The best way to keep track of refinements or iterations through the development process is via a Requirement Management System, such as Matrix or Greenlight Guru. This will automatically keep a record of file history and create links between items for traceability, establishing a full matrix of your programme. You will also be able to pull information from your risk analysis in to your Requirement Management System, by adding individually identified risks and consequently linking specified requirements in your PRS. An additional functionality is the Sub-System Requirement Specification (SSRS), which acts as another hierarchical layer and can include even more of the how and some details of embodiment, if suitable for your product. This may be used to expand upon the broader PRS points or drill down into specific functions or components, such as the Consumable Requirement Specification.
5. What to watch out for!
Although traceability and regulatory compliance are critical factors, it is really important that creating a URS/PRS doesn’t just become a regulatory tick-box exercise. If the process is well executed, then it will result in a better design process and in turn a potentially better product. If done badly, the opposite will apply. It is also a way of unifying your team; the common process shows a statement of intent and helps to manage expectations of everyone involved.

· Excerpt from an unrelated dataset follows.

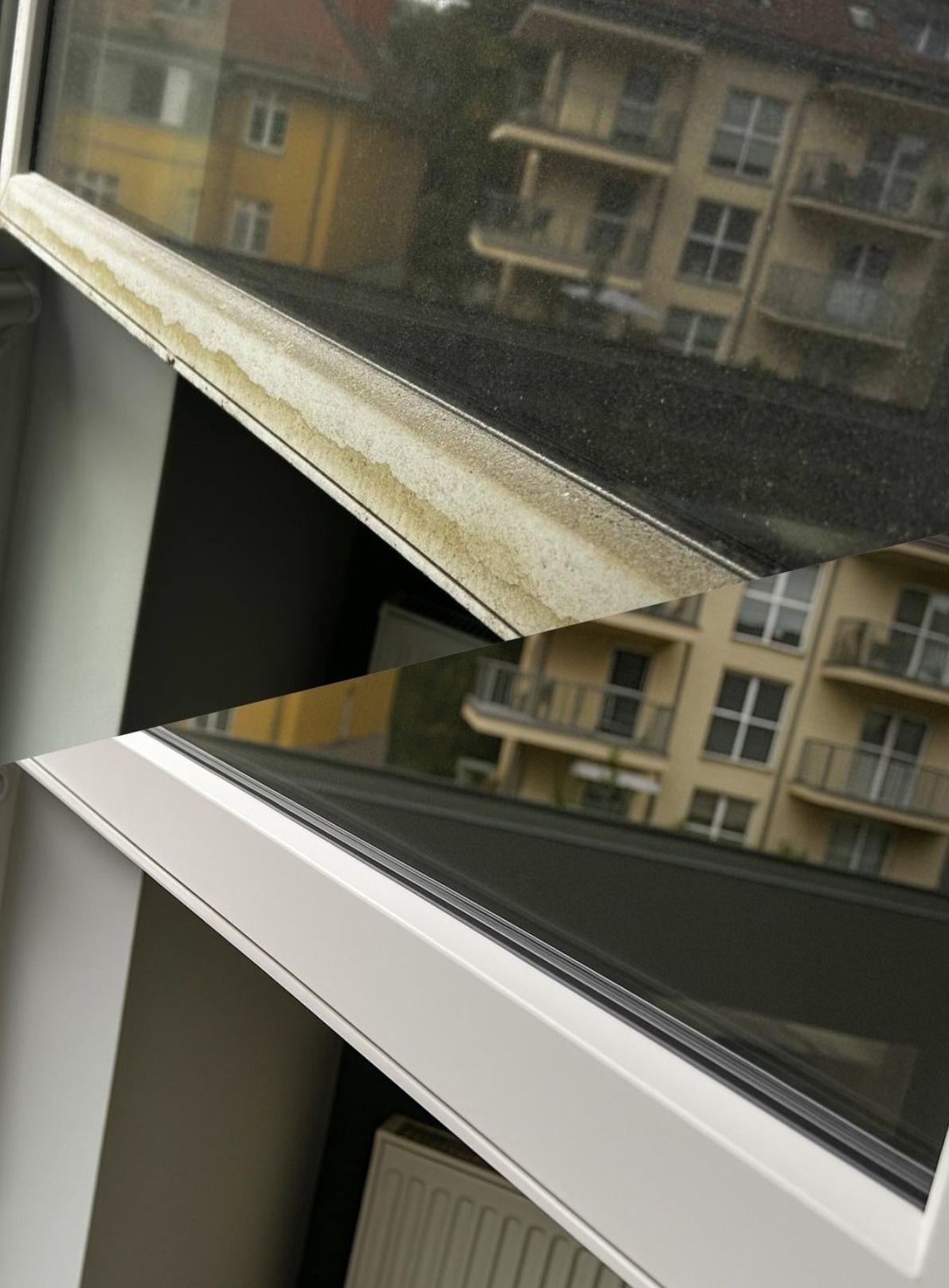 Okno przed i po umyciu, widoczne zabrudzenia na ramie i szybie w górnej części oraz czyste okno w dolnej części. W tle budynek mieszkalny.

Hopefully having read this blog, you are now aware of the importance of creating a thorough URS/PRS and can appreciate the risks of under-defining a project at its inception. Under-defining can lead to under-budgeting, an unclear brief where the team works in silos and a lack of visibility with regards to potential risks. However, over-defining can often be as dangerous! Setting the boundaries of a design programme too firmly may stifle creativity and set expectations that cannot be delivered. A clear, well managed project outline, which is managed flexibly, collaboratively and visibly (for both traceability and efficiency) is key.